DWR Water Education Program Educates Youth Online This Summer
Missing Summer Camp? Join DWR’s virtual Summer Camp. DWR Staff will be providing fun activities relating to DWR’s recent Water Wednesday’s videos. The family-friendly programs are designed for kids 10 to 14 but are appropriate for anyone who would like to learn more about California’s water resources. Each video is available on DWR’s YouTube channel and a listing of all the program’s episodes can be found by clicking the Playlists tab. Activity suggestions and information can be found in the video’s comment section as they are added each week.
Current Lake Operations
The elevation of Oroville’s reservoir is about 760 feet and storage is about 1.77 million acre-feet. Daily average inflows to the lake have ranged between 1,365 cfs (cubic feet per second) to 2,025 over the past week. An excessive heat watch is in effect this weekend through Sunday evening and high temperatures will continue into the week of August 17. The Northern Sierra Basin rainfall totals remains below average for the year, at 63 percent of normal.
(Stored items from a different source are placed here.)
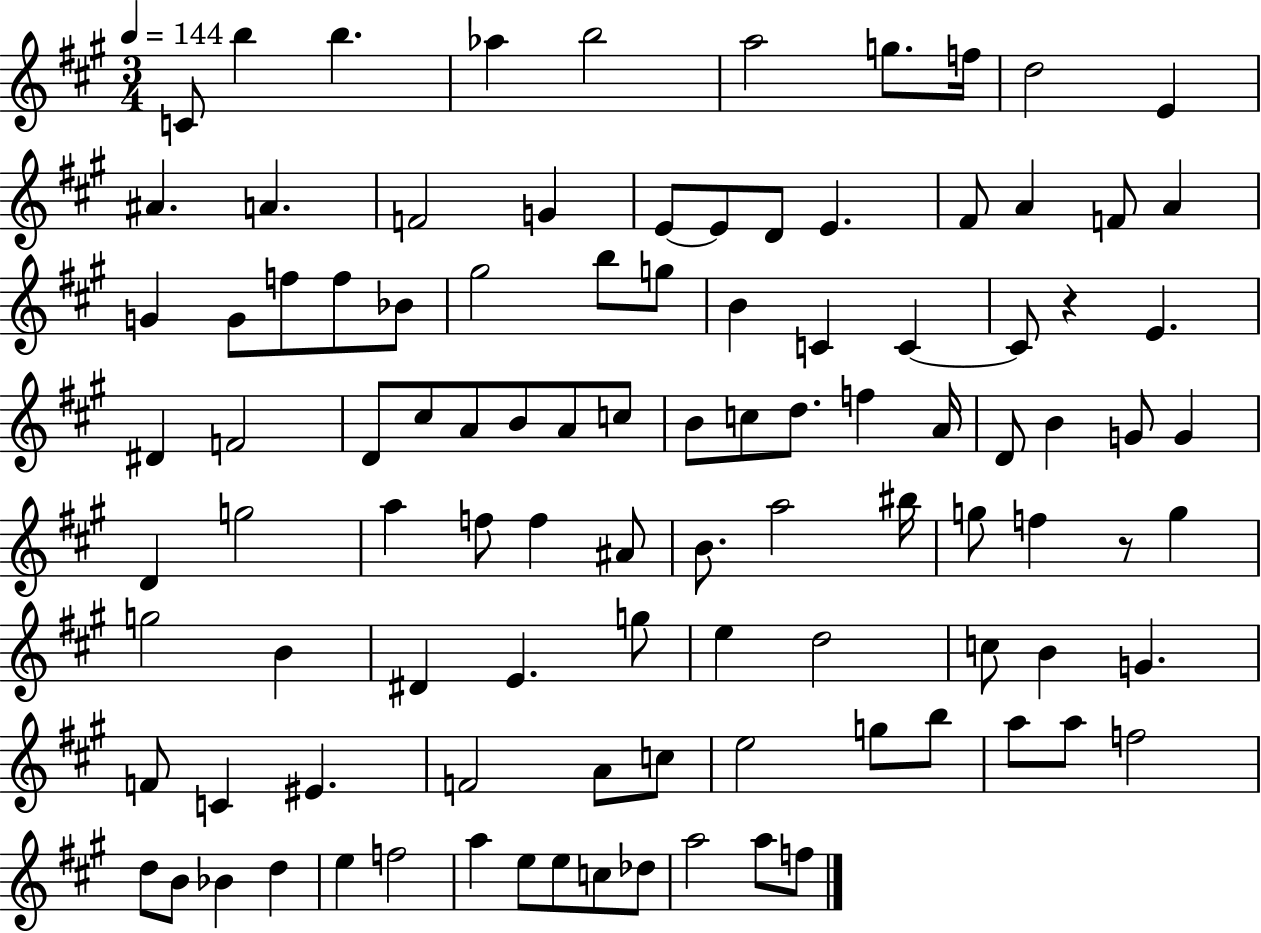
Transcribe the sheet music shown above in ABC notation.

X:1
T:Untitled
M:3/4
L:1/4
K:A
C/2 b b _a b2 a2 g/2 f/4 d2 E ^A A F2 G E/2 E/2 D/2 E ^F/2 A F/2 A G G/2 f/2 f/2 _B/2 ^g2 b/2 g/2 B C C C/2 z E ^D F2 D/2 ^c/2 A/2 B/2 A/2 c/2 B/2 c/2 d/2 f A/4 D/2 B G/2 G D g2 a f/2 f ^A/2 B/2 a2 ^b/4 g/2 f z/2 g g2 B ^D E g/2 e d2 c/2 B G F/2 C ^E F2 A/2 c/2 e2 g/2 b/2 a/2 a/2 f2 d/2 B/2 _B d e f2 a e/2 e/2 c/2 _d/2 a2 a/2 f/2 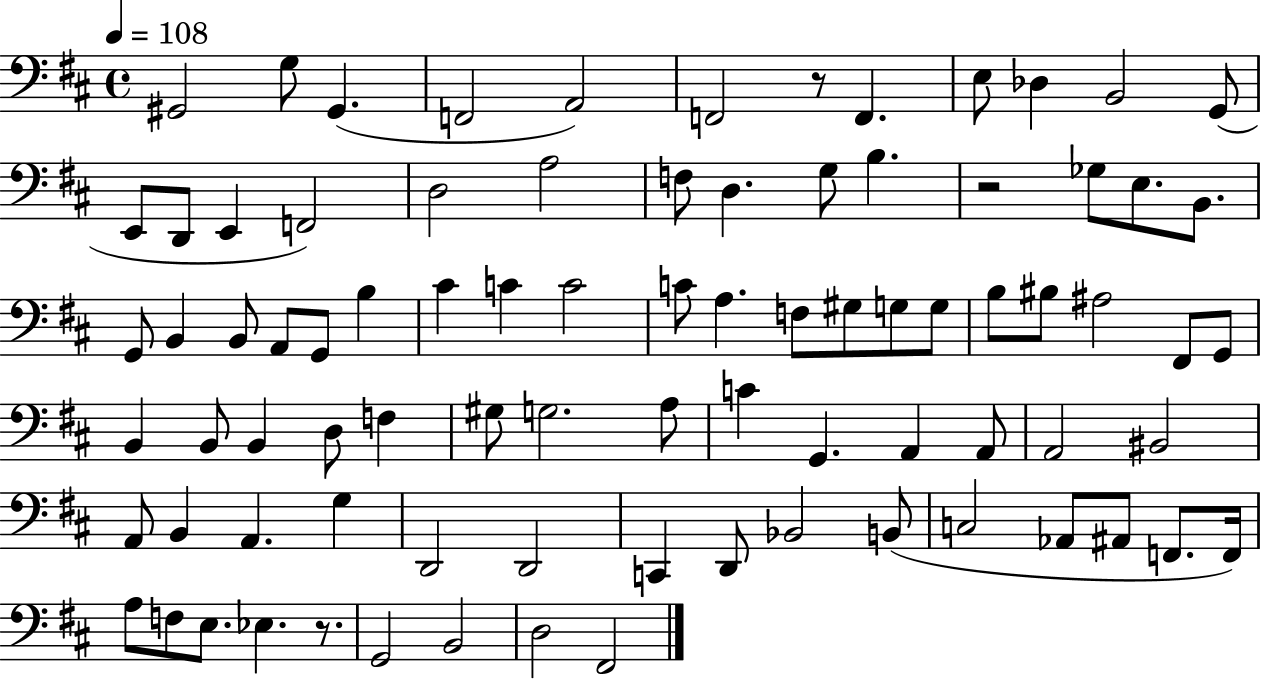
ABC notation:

X:1
T:Untitled
M:4/4
L:1/4
K:D
^G,,2 G,/2 ^G,, F,,2 A,,2 F,,2 z/2 F,, E,/2 _D, B,,2 G,,/2 E,,/2 D,,/2 E,, F,,2 D,2 A,2 F,/2 D, G,/2 B, z2 _G,/2 E,/2 B,,/2 G,,/2 B,, B,,/2 A,,/2 G,,/2 B, ^C C C2 C/2 A, F,/2 ^G,/2 G,/2 G,/2 B,/2 ^B,/2 ^A,2 ^F,,/2 G,,/2 B,, B,,/2 B,, D,/2 F, ^G,/2 G,2 A,/2 C G,, A,, A,,/2 A,,2 ^B,,2 A,,/2 B,, A,, G, D,,2 D,,2 C,, D,,/2 _B,,2 B,,/2 C,2 _A,,/2 ^A,,/2 F,,/2 F,,/4 A,/2 F,/2 E,/2 _E, z/2 G,,2 B,,2 D,2 ^F,,2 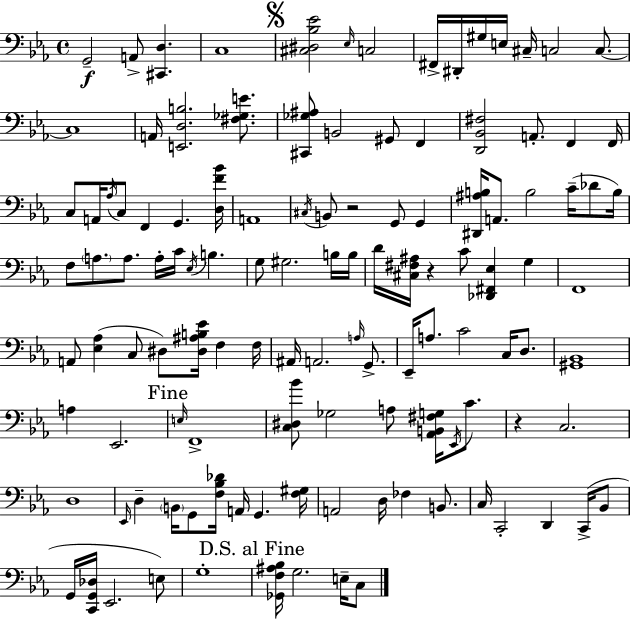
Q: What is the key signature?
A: C minor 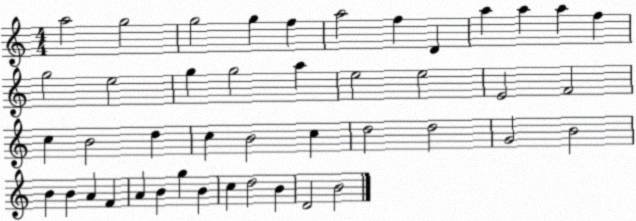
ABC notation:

X:1
T:Untitled
M:4/4
L:1/4
K:C
a2 g2 g2 g f a2 f D a a a f g2 e2 g g2 a e2 e2 E2 F2 c B2 d c B2 c d2 d2 G2 B2 B B A F A B g B c d2 B D2 B2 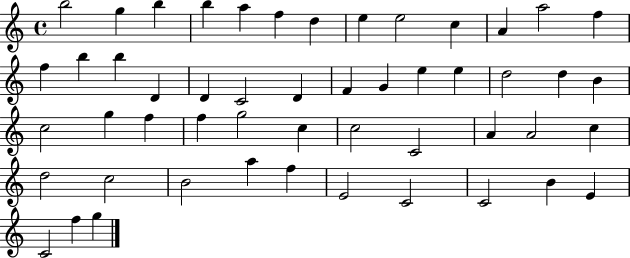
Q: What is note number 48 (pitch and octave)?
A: E4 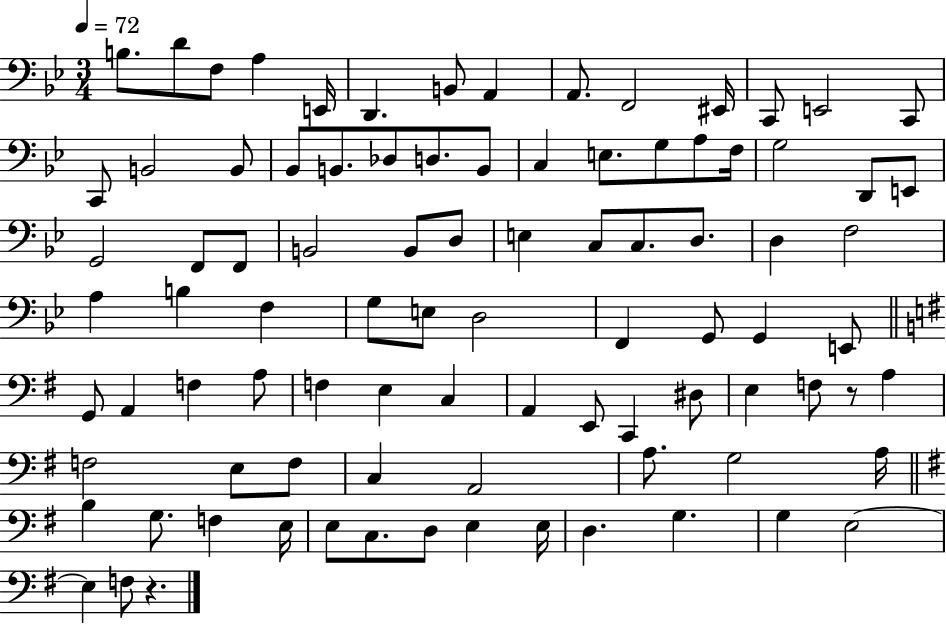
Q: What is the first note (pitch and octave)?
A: B3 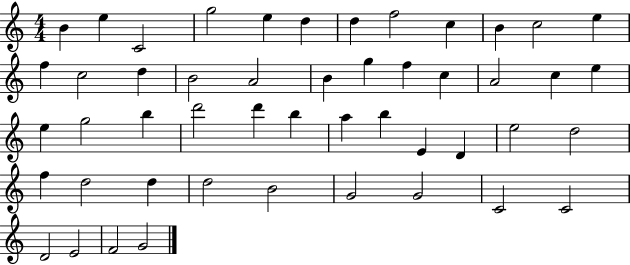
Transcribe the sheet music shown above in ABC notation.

X:1
T:Untitled
M:4/4
L:1/4
K:C
B e C2 g2 e d d f2 c B c2 e f c2 d B2 A2 B g f c A2 c e e g2 b d'2 d' b a b E D e2 d2 f d2 d d2 B2 G2 G2 C2 C2 D2 E2 F2 G2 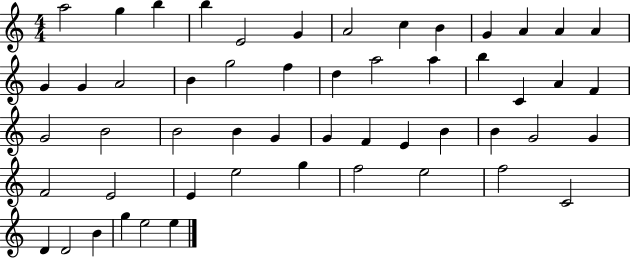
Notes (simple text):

A5/h G5/q B5/q B5/q E4/h G4/q A4/h C5/q B4/q G4/q A4/q A4/q A4/q G4/q G4/q A4/h B4/q G5/h F5/q D5/q A5/h A5/q B5/q C4/q A4/q F4/q G4/h B4/h B4/h B4/q G4/q G4/q F4/q E4/q B4/q B4/q G4/h G4/q F4/h E4/h E4/q E5/h G5/q F5/h E5/h F5/h C4/h D4/q D4/h B4/q G5/q E5/h E5/q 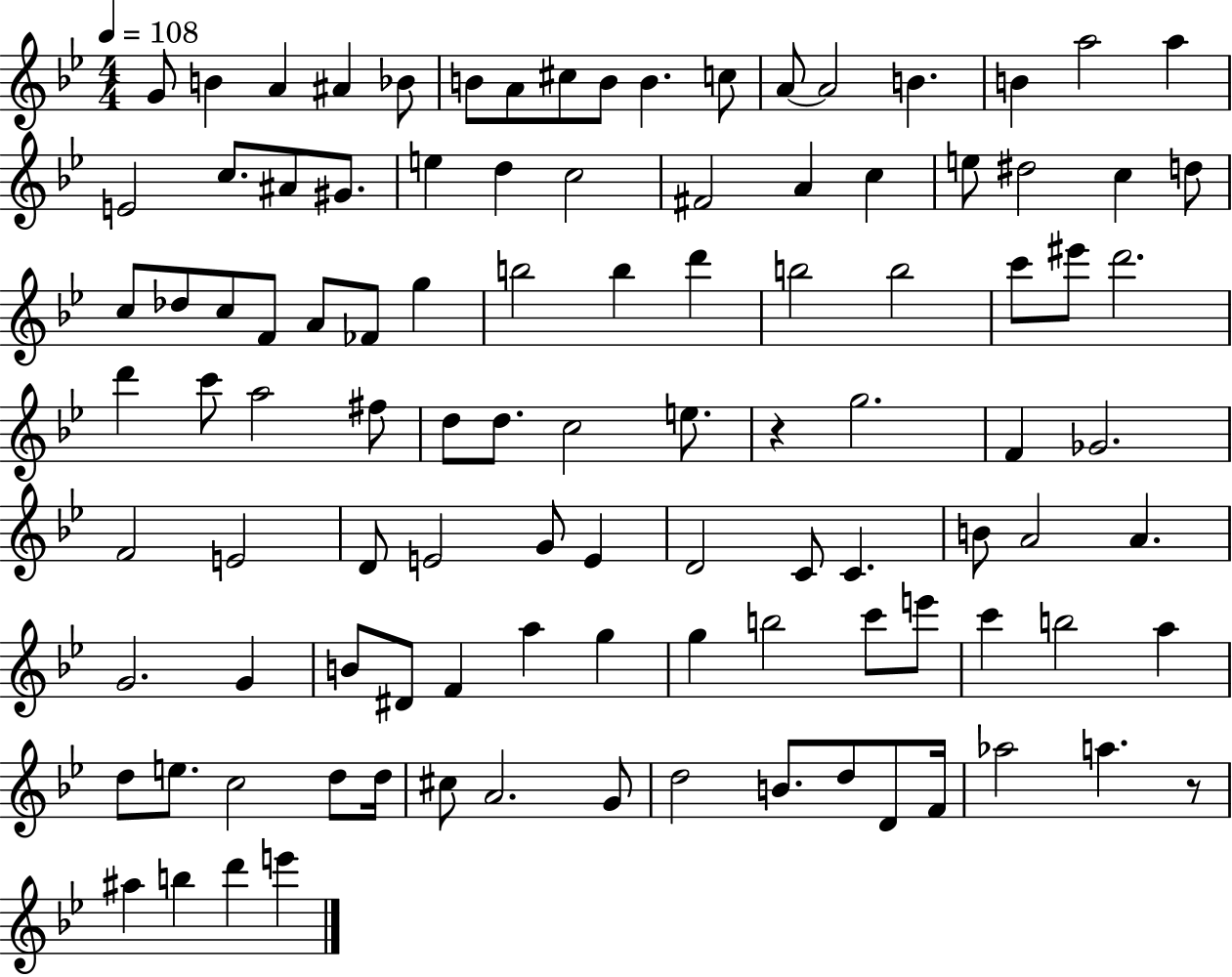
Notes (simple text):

G4/e B4/q A4/q A#4/q Bb4/e B4/e A4/e C#5/e B4/e B4/q. C5/e A4/e A4/h B4/q. B4/q A5/h A5/q E4/h C5/e. A#4/e G#4/e. E5/q D5/q C5/h F#4/h A4/q C5/q E5/e D#5/h C5/q D5/e C5/e Db5/e C5/e F4/e A4/e FES4/e G5/q B5/h B5/q D6/q B5/h B5/h C6/e EIS6/e D6/h. D6/q C6/e A5/h F#5/e D5/e D5/e. C5/h E5/e. R/q G5/h. F4/q Gb4/h. F4/h E4/h D4/e E4/h G4/e E4/q D4/h C4/e C4/q. B4/e A4/h A4/q. G4/h. G4/q B4/e D#4/e F4/q A5/q G5/q G5/q B5/h C6/e E6/e C6/q B5/h A5/q D5/e E5/e. C5/h D5/e D5/s C#5/e A4/h. G4/e D5/h B4/e. D5/e D4/e F4/s Ab5/h A5/q. R/e A#5/q B5/q D6/q E6/q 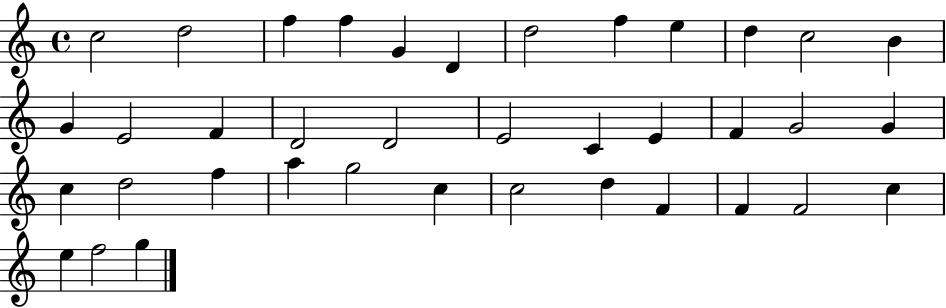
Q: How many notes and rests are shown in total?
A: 38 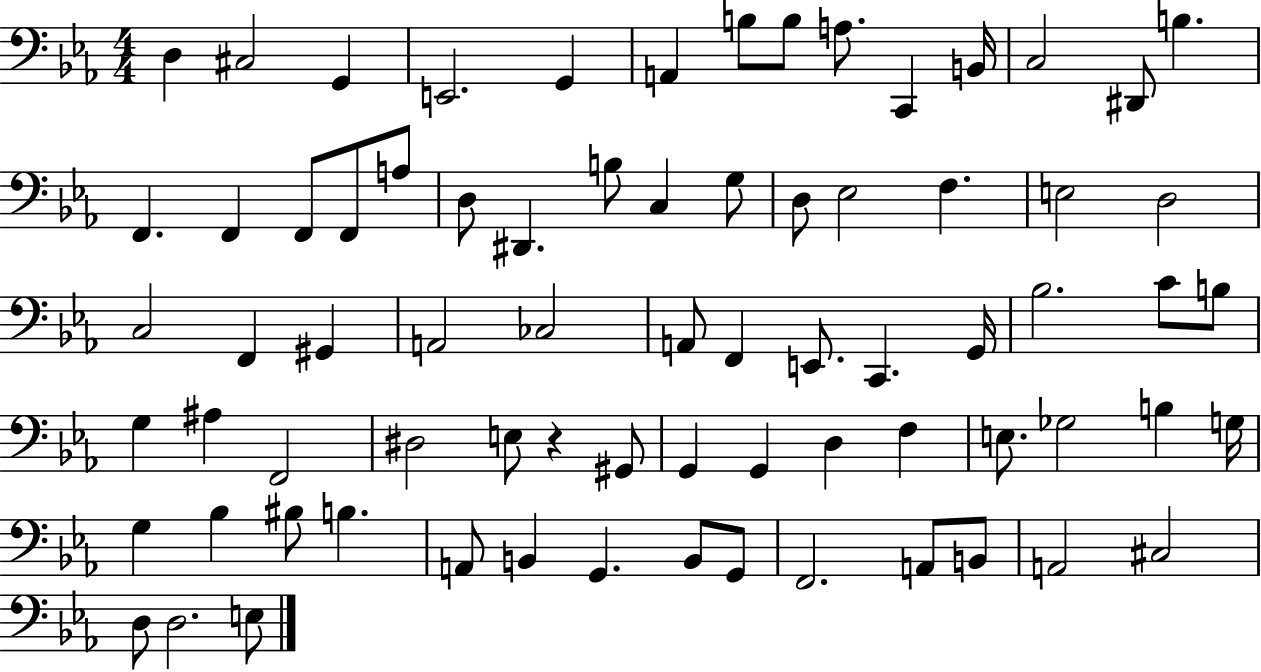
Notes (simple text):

D3/q C#3/h G2/q E2/h. G2/q A2/q B3/e B3/e A3/e. C2/q B2/s C3/h D#2/e B3/q. F2/q. F2/q F2/e F2/e A3/e D3/e D#2/q. B3/e C3/q G3/e D3/e Eb3/h F3/q. E3/h D3/h C3/h F2/q G#2/q A2/h CES3/h A2/e F2/q E2/e. C2/q. G2/s Bb3/h. C4/e B3/e G3/q A#3/q F2/h D#3/h E3/e R/q G#2/e G2/q G2/q D3/q F3/q E3/e. Gb3/h B3/q G3/s G3/q Bb3/q BIS3/e B3/q. A2/e B2/q G2/q. B2/e G2/e F2/h. A2/e B2/e A2/h C#3/h D3/e D3/h. E3/e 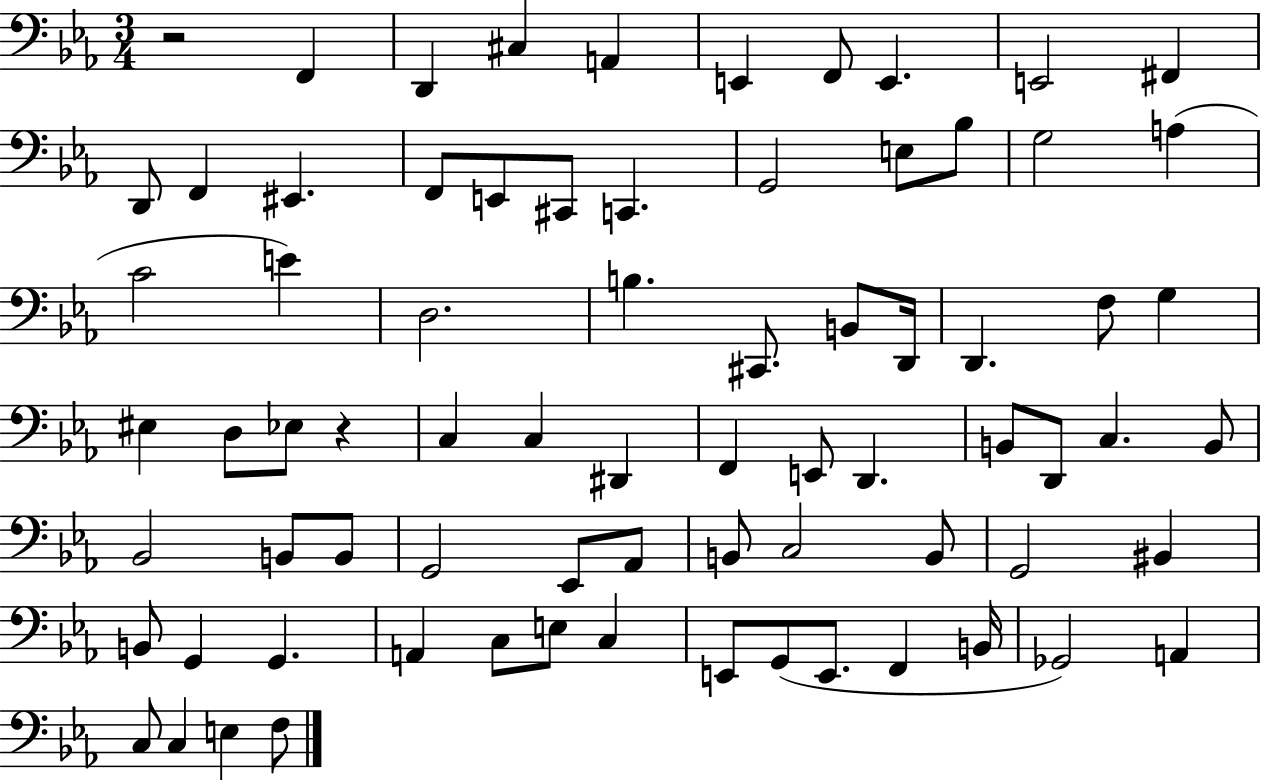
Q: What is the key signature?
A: EES major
The total releases to Feather River are 2,300 cfs to meet downstream Bay-Delta water quality and flow standards. Flows through the City of Oroville are about 1,550 cfs. Flows from the Thermalito Afterbay Outlet (Outlet) are about 750 cfs for a total of 2,300 cfs for the Feather River’s high flow channel downstream of the Outlet. Throughout the week flows through the City of Oroville and the Outlet may fluctuate for fisheries purposes.